3. Advocate For Yourself
If you’re worried about your career stalling while working in a hybrid workplace, you need to start championing your own cause — and working to get people to champion it alongside you. “Advocating for yourself means continuing to be consistent with your exceptional performance,” says Sam Dolbel, CEO of the job and location tracking app
SINC Workforce. “When you do so, you can create a reputation for yourself in the team — that is, being known to be a good performer. Other than that, you can look for colleagues or seniors who can advocate for you. It’s crucial to have people supporting you in the workplace.”

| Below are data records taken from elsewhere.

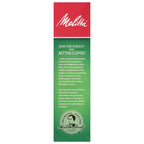 Melitta #4 Unbleached Coffee Filters, Natural Brown Cone Filters, 6-Pack
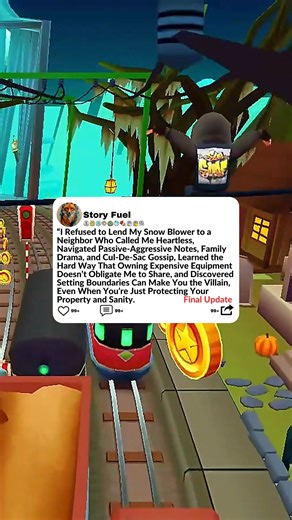 “I Refused to Lend My Snow Blower to a Neighbor Who Called Me Heartless, Navigated Passive-Aggressive Notes, Family Drama, and Cul-De-Sac Gossip, Learned the Hard Way That Owning Expensive Equipment Doesn’t Obligate Me to Share, and Discovered Setting Boundaries Can Make You the Villain, Even When You’re Just Protecting Your Property and Sanity” #gaming #capcut #askreddit #redditposts #redditmemes #reddit | StoryFuel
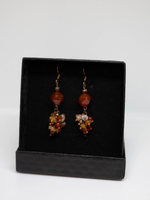 Серьги из сердолика с медной фурнитурой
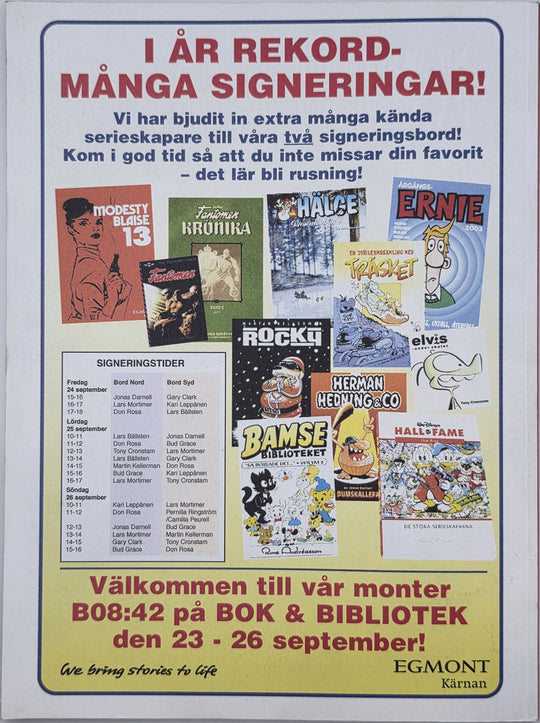 Bild & Bubbla 2004/02. Tegneserieblad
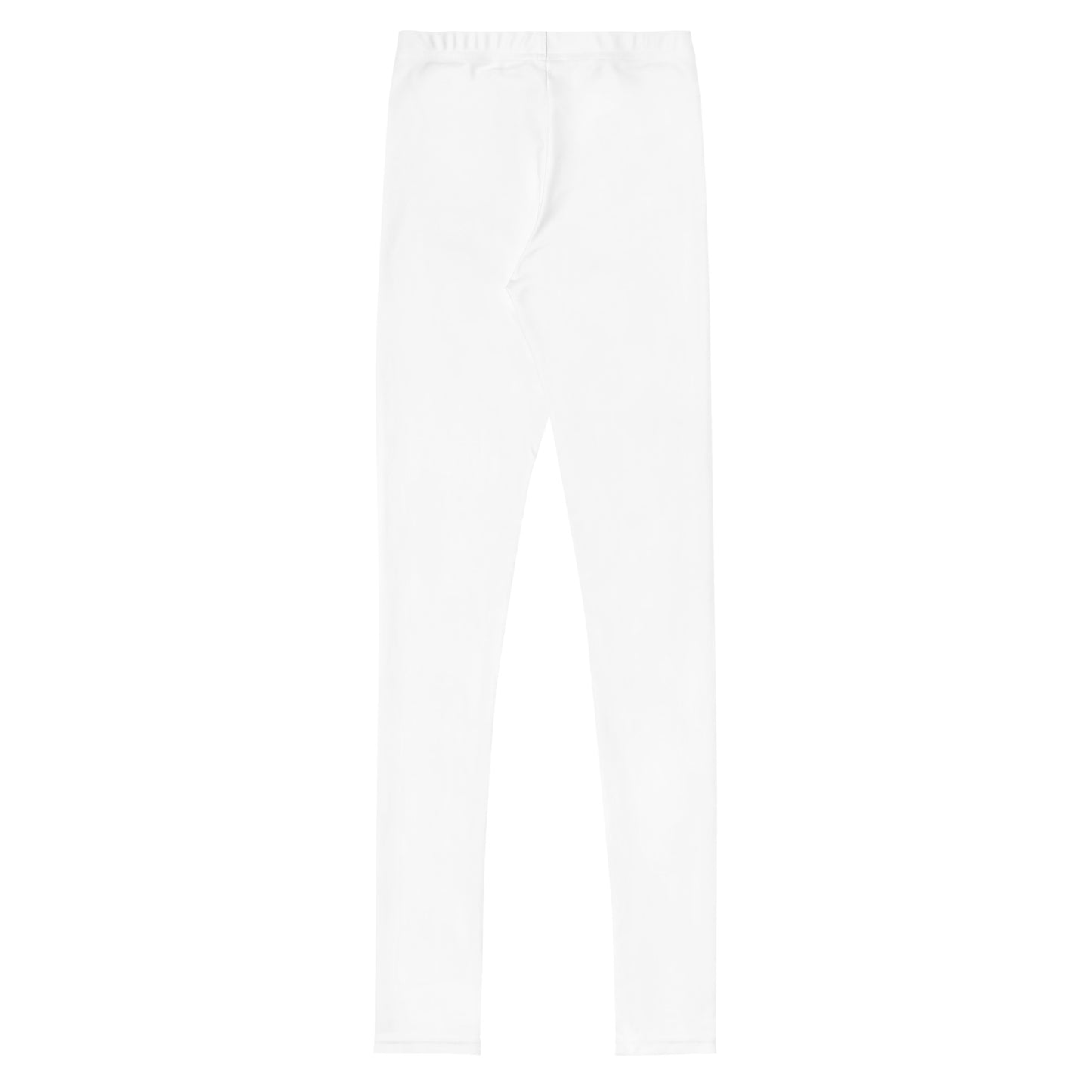 I AM WELL Young Men's Leggings White w/ Black Logo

4. Schedule Regular Check-ins
The crux of the problem is that when you’re in the office, people are effortlessly reminded of your existence and when you’re not, you have to make an effort to get noticed. So make friends with your calendar app. “If people have regular check-ins, that’s how they don’t get ignored,” Kohut says. “If your boss doesn’t schedule them, then I would try to ask your boss to schedule one for you.” The same approach extends to coworkers you’re collaborating with. You don’t need to say too much or talk too long in the check-ins. The real point is to get everybody in the office to know they’re going to see your face at a certain time on a certain day each week.

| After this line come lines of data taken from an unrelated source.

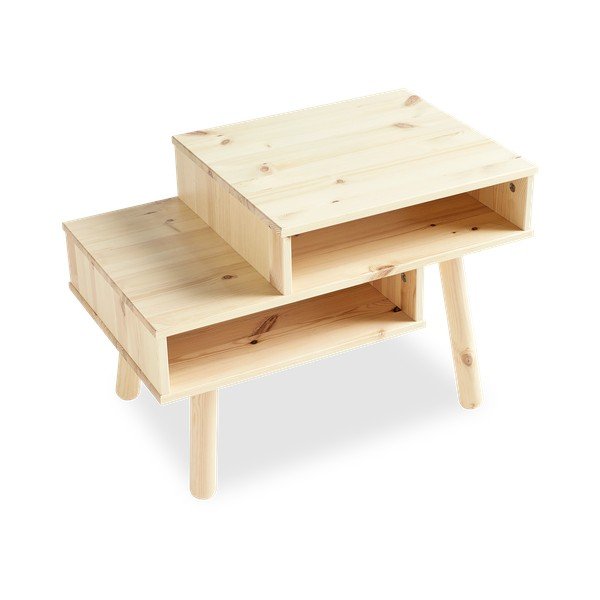 Масичка за кафе от борова дървесина в естествен цвят Hako - Karup Design-image-3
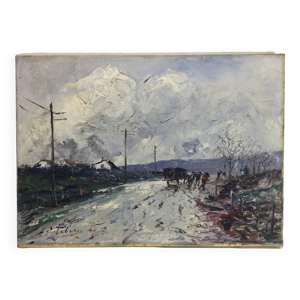 E. Febvre Huile Sur toile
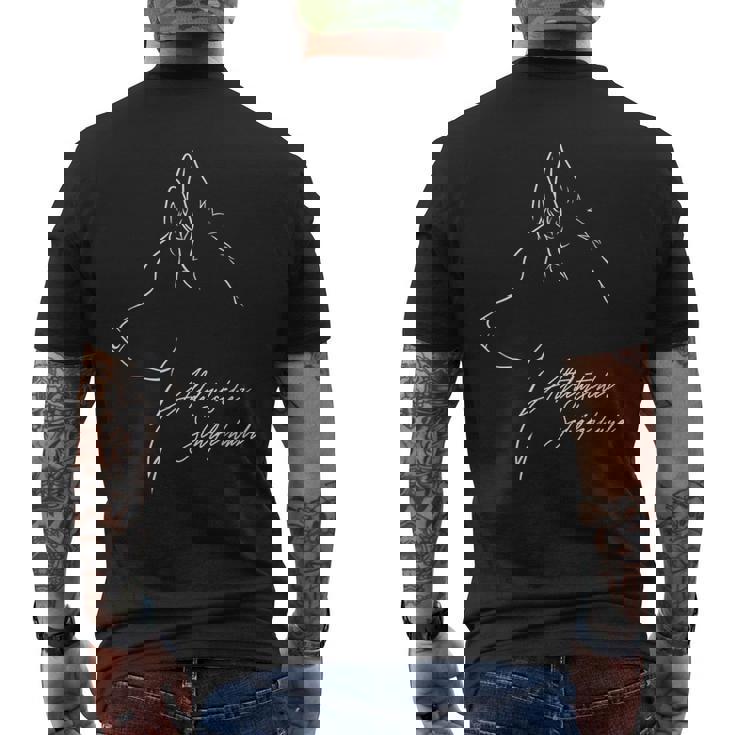 Old Germanhepherd Dog Profile ドッグブリードドッグ メンズTシャツ バックプリント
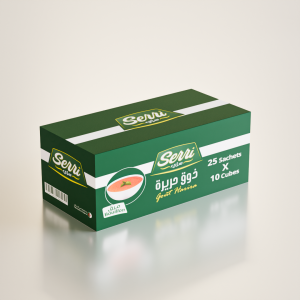 Boite de 25 Sachets de 10 Cubes - Goût Harira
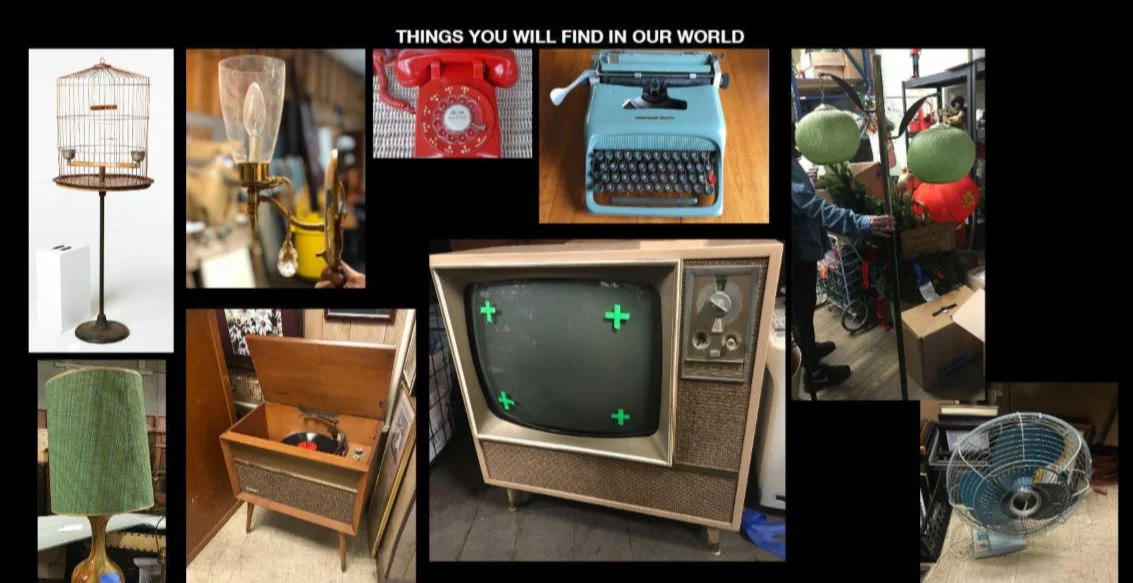 Had too much fun in the giant prop house with Art Director Suja Ono.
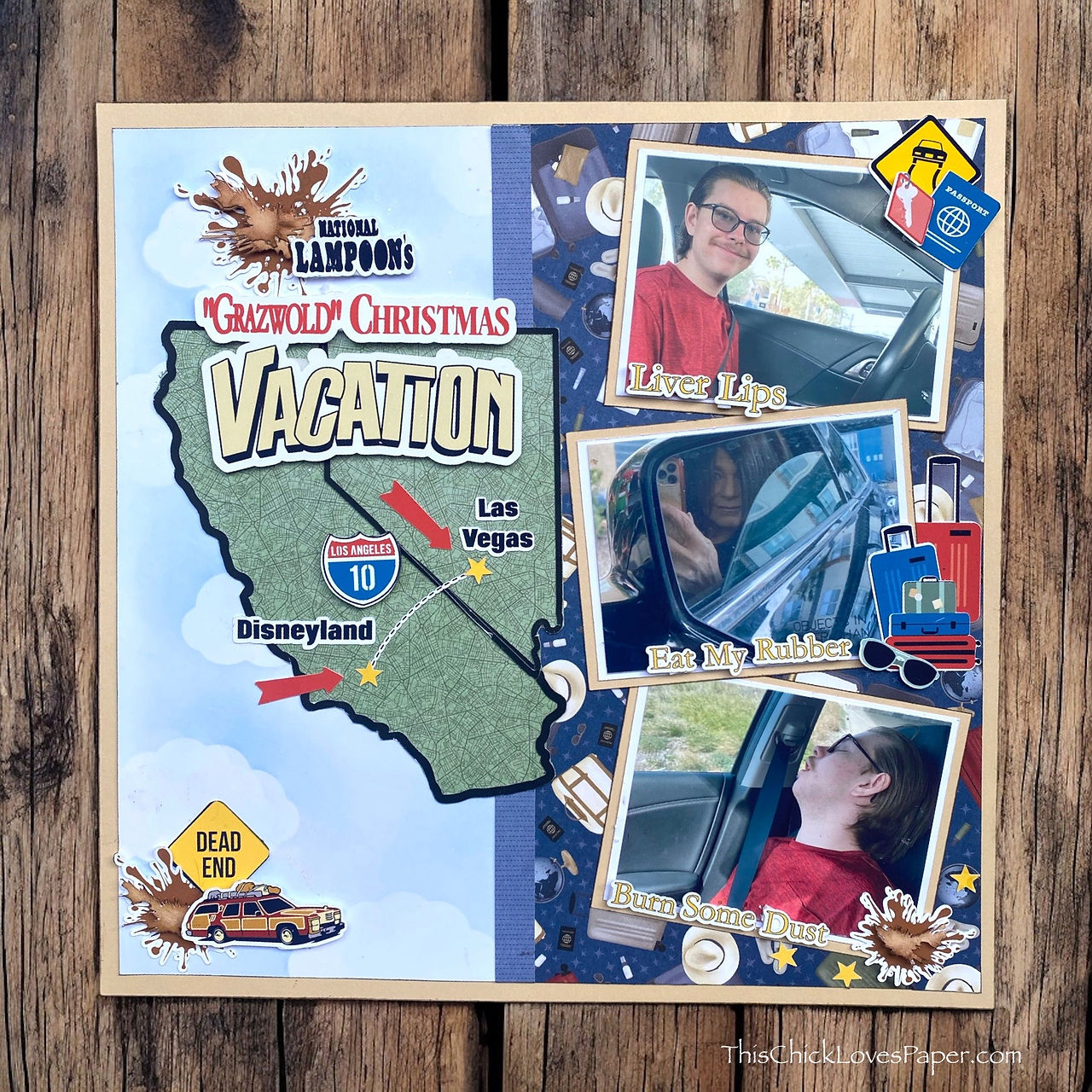 Scrapbooking "Christmas Vacation" With CTMH "Let's Go Anywhere"
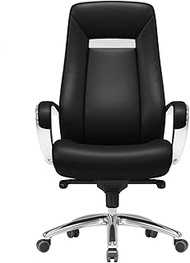 Ergonomic Office Chairs, Boss Chair, High Back Executive Seat with Headrest, 120° Reclining Adjustable Lifting Swivel Computer Chair (Color : Brown) lofty ambition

5. Have One-on-One Meetings
Often, group meetings alone aren’t the right venue for getting attention at the workplace. It’s too easy to fade into the background when you’re one voice among many. Kohut encourages remote employees to reach out to managers and colleagues for one-on-one communications. Individual conversations, where you’re actively shaping up ideas in real time, can be better avenues for connecting with your co-workers and showing the value you bring to the team. “You can get ignored or forgotten if you’re just meeting with the group,” Kohut says. “Group conversations are good too, but they shouldn’t be the only thing you are doing.”
6. Make Sure Your Boss Knows What You’re Doing
If you’re worried that your manager is forgetting your contributions to the organization, remind them. Kohut says one of her recruiting clients would send their boss a daily status report to run down how they spent their workday and what they accomplished. The reports, Kohut says, don’t have to be too rich in details. In fact, the content matters less than the existence of the reports themselves. “You can even say to your boss, ‘I don’t care if you read this. I just want you to know that I’m busy,’” Kohut says “‘I’m not sitting home watching TV all day.’”

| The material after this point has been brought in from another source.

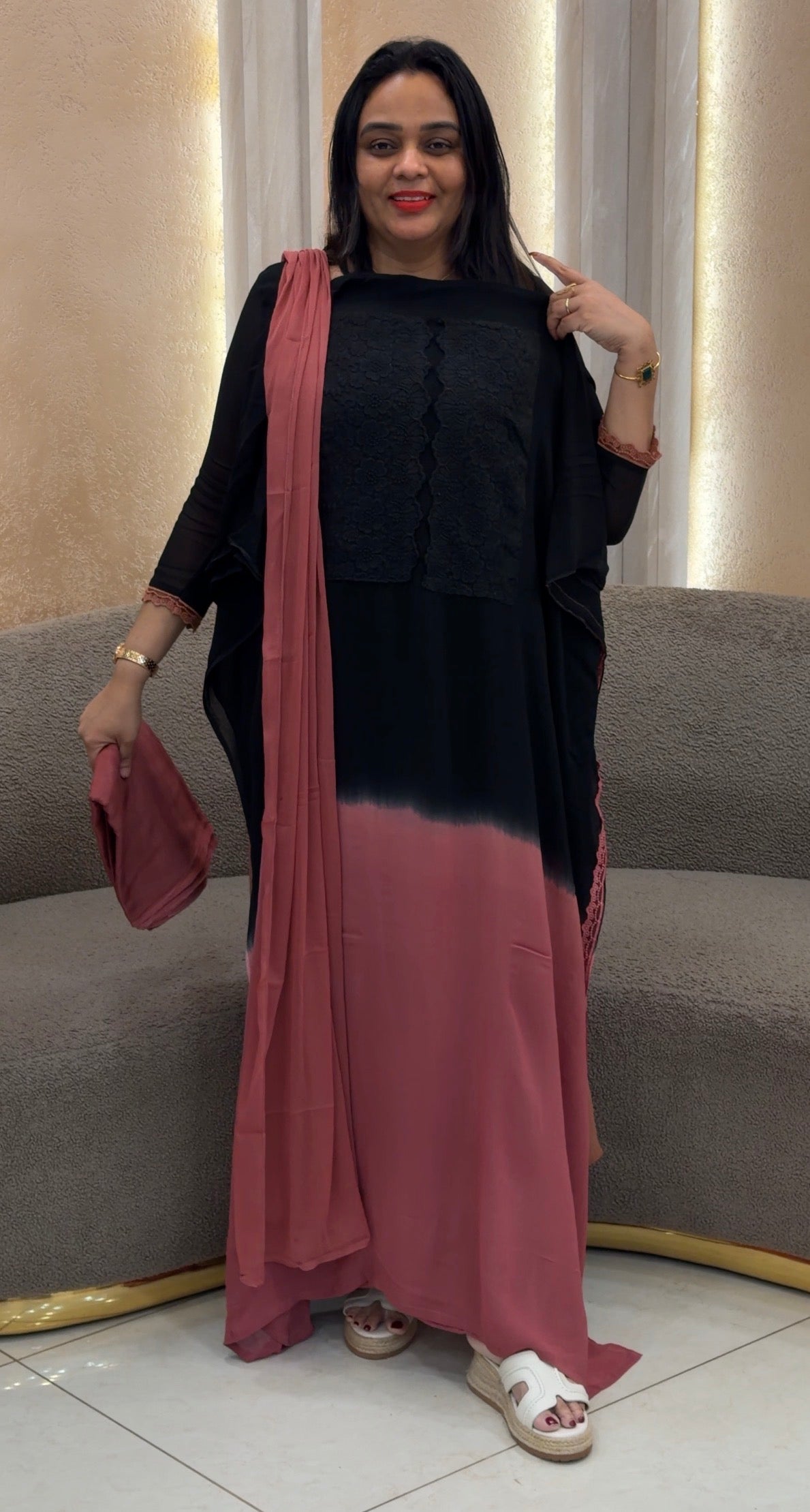 GEORGETTE UNSTITCHED SALWAR SUITS - IHA 34951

7. Brag About Your Victories
Remote work and modesty don’t mix. Tony D’Aurizio, People Development Manager at senior living network Amica Senior Lifestyles says that when you work from home, it’s vital to crow about your wins. He advises treating one on one conversations with bosses and colleagues as opportunities for self promotion. “Be sure to keep those sessions and use them to the fullest,” D’Aurizio says. “Track your wins and successes and be ready to talk about them with your manager.” And make sure the brags come in regularly. Today’s accomplishment could get lost in the shuffle tomorrow. “Waiting for your annual review may not be enough and you’ve likely forgotten a lot of the ‘wins’ from earlier in the year,” D’Aurizio says.